JSON format, detached

Refer to RFC 7797 JWS specification:

The detached versions of JSON is similar, but the payload is unsigned. The payload is sent in the body of the message, and the other values are sent in a header. The name of the header is defined as part of the policy definition setup.

The example below shows the same response message used in the previous example, in JSON format with detached payload.

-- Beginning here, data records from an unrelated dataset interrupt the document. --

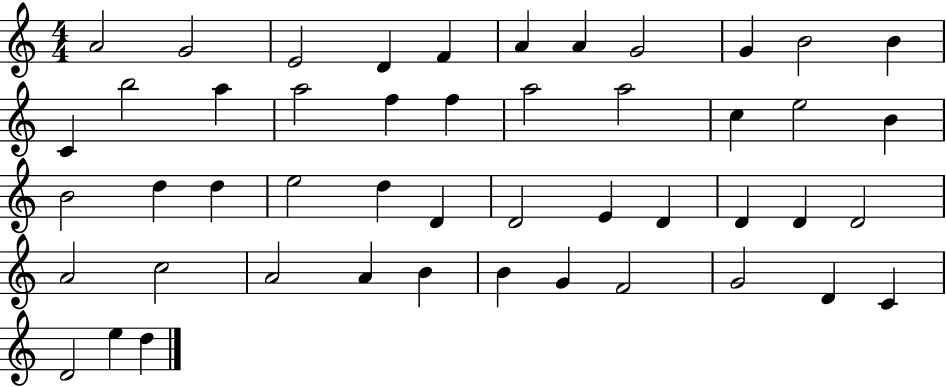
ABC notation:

X:1
T:Untitled
M:4/4
L:1/4
K:C
A2 G2 E2 D F A A G2 G B2 B C b2 a a2 f f a2 a2 c e2 B B2 d d e2 d D D2 E D D D D2 A2 c2 A2 A B B G F2 G2 D C D2 e d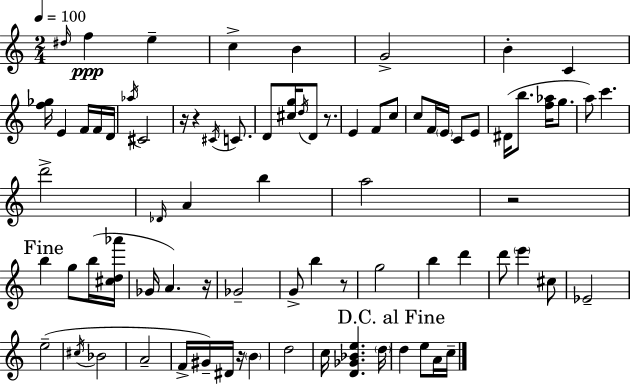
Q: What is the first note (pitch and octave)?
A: D#5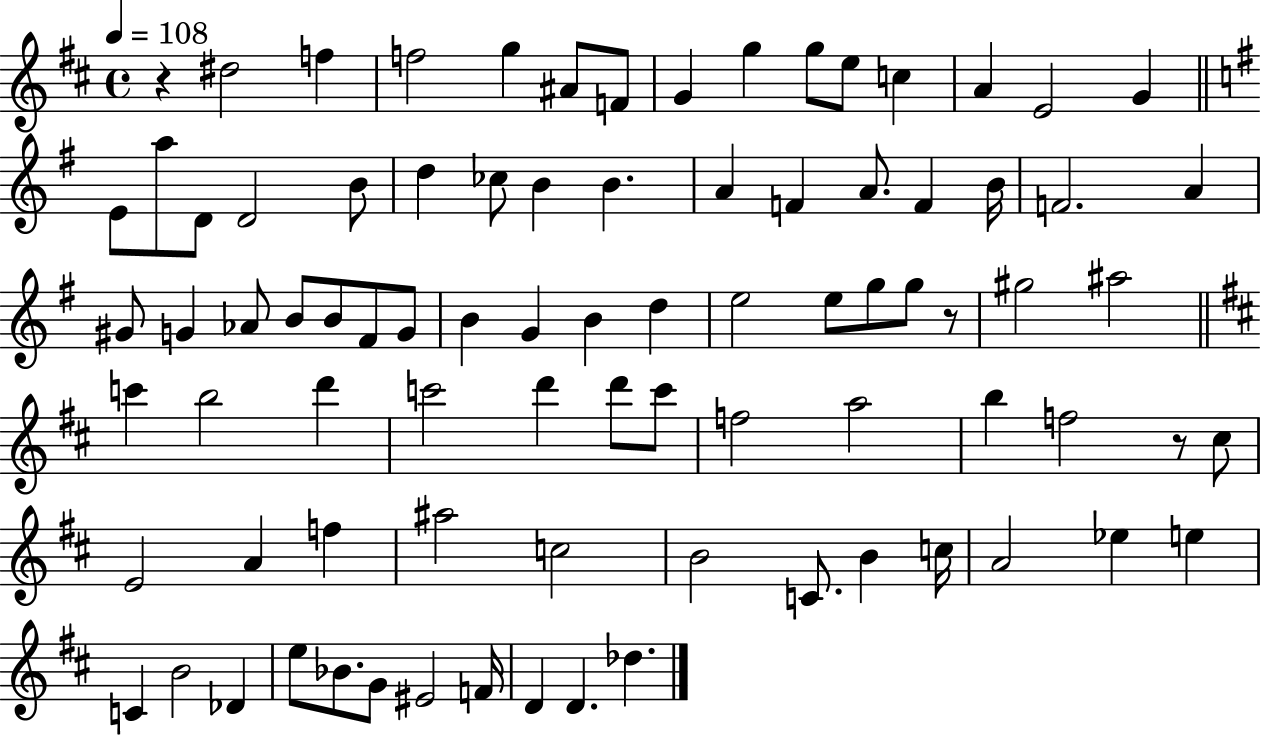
R/q D#5/h F5/q F5/h G5/q A#4/e F4/e G4/q G5/q G5/e E5/e C5/q A4/q E4/h G4/q E4/e A5/e D4/e D4/h B4/e D5/q CES5/e B4/q B4/q. A4/q F4/q A4/e. F4/q B4/s F4/h. A4/q G#4/e G4/q Ab4/e B4/e B4/e F#4/e G4/e B4/q G4/q B4/q D5/q E5/h E5/e G5/e G5/e R/e G#5/h A#5/h C6/q B5/h D6/q C6/h D6/q D6/e C6/e F5/h A5/h B5/q F5/h R/e C#5/e E4/h A4/q F5/q A#5/h C5/h B4/h C4/e. B4/q C5/s A4/h Eb5/q E5/q C4/q B4/h Db4/q E5/e Bb4/e. G4/e EIS4/h F4/s D4/q D4/q. Db5/q.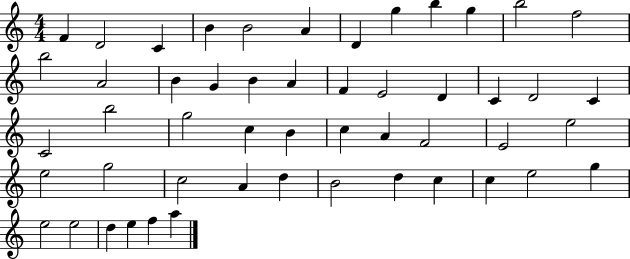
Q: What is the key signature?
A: C major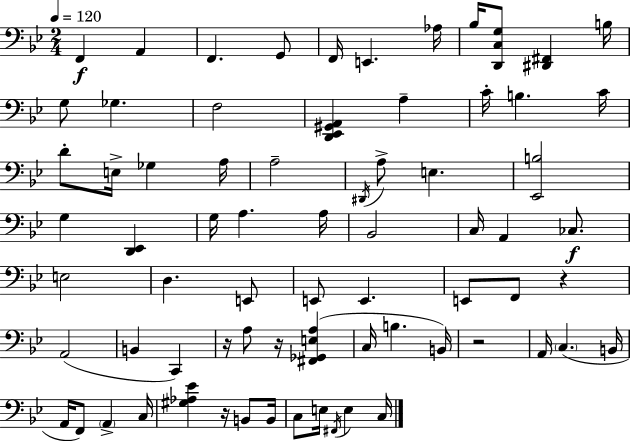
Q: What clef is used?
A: bass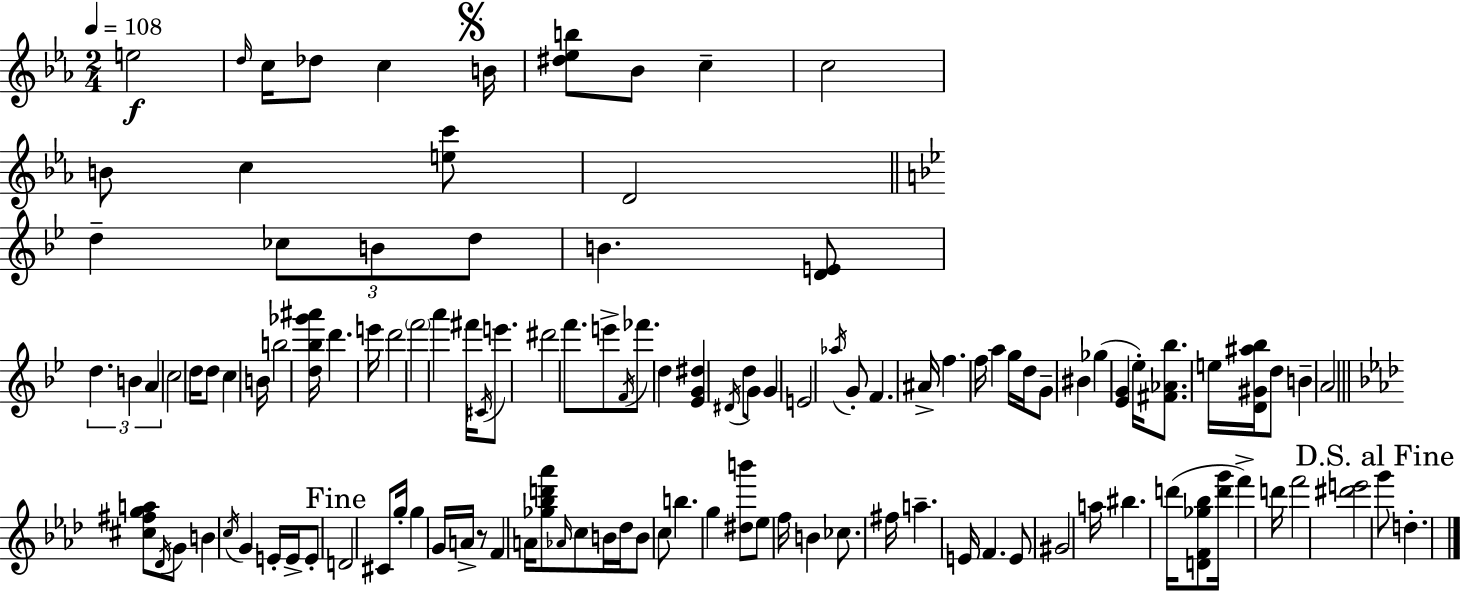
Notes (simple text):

E5/h D5/s C5/s Db5/e C5/q B4/s [D#5,Eb5,B5]/e Bb4/e C5/q C5/h B4/e C5/q [E5,C6]/e D4/h D5/q CES5/e B4/e D5/e B4/q. [D4,E4]/e D5/q. B4/q A4/q C5/h D5/s D5/e C5/q B4/s B5/h [D5,Bb5,Gb6,A#6]/s D6/q. E6/s D6/h F6/h A6/q F#6/s C#4/s E6/e. D#6/h F6/e. E6/e F4/s FES6/e. D5/q [Eb4,G4,D#5]/q D#4/s D5/e G4/e G4/q E4/h Ab5/s G4/e F4/q. A#4/s F5/q. F5/s A5/q G5/s D5/s G4/e BIS4/q Gb5/q [Eb4,G4]/q Eb5/s [F#4,Ab4,Bb5]/e. E5/s [D4,G#4,A#5,Bb5]/s D5/e B4/q A4/h [C#5,F#5,G5,A5]/e Db4/s G4/e B4/q C5/s G4/q E4/s E4/s E4/e D4/h C#4/e G5/s G5/q G4/s A4/s R/e F4/q A4/s [Gb5,Bb5,D6,Ab6]/e Ab4/s C5/e B4/s Db5/s B4/e C5/e B5/q. G5/q [D#5,B6]/e Eb5/e F5/s B4/q CES5/e. F#5/s A5/q. E4/s F4/q. E4/e G#4/h A5/s BIS5/q. D6/s [D4,F4,Gb5,Bb5]/e [D6,G6]/s F6/q D6/s F6/h [D#6,E6]/h G6/e D5/q.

With JSON detached, you put the payload in the body and the rest of the message goes in the header.

Body (payload) 

{
  "PUT-response": "signed JOSE response"
}

Detached header

This example has a protected header, signature, and the headers themselves.

{
  "protected":"eyJraWQiOiJzaWduS2V5IiwiYWxnIjoiUlMyNTYiLCJjdHkiOiJhcHBsaWNhdGlvbi9qc29uIiwiYjY0IjpmYWxzZSwiY3JpdCI6WyJiNjQiXX0",
  "signature":"AuwXL1pWxgQfyS7Scim0uhqGyLyehkQtp4sAaW9Fz5X10HkcAWS5zY4F-xwYeiGb21ZrL6yurxfPPKpkwD9F8W6p1jYqOaEX5leu49r0VDWoWE
lw-X6c9v4PiYRfEu38jwxgbppZkQRke9RyfbO9yQw9ZUgNCo-Q0NIvgcM4JducNz09qsPrHuSJiOQ86TyOyKfug9zsahJ7-rpxxPicvGfVRMlRhGeKNgG57ombDsD
stmZKsRWrVx-tnmLX7aIhz9NL0jOmRf1deh4HAenk7JKPzUgAxZssylmTCivkuV10yrdlIgyUYELkHNz63QQVcXdODHFWvdSHWJvwx_xe2A",
  "header":{
    "kid":"signKey",
    "alg":"RS256",
    "cty":"application/json",
    "b64":false,
    "crit":[
      "b64"
    ]
  }
}

Compact format, not detached

Refer to RFC 7797 JWS specification:

With Compact format, the request is similar in structure, but it's not a JSON object.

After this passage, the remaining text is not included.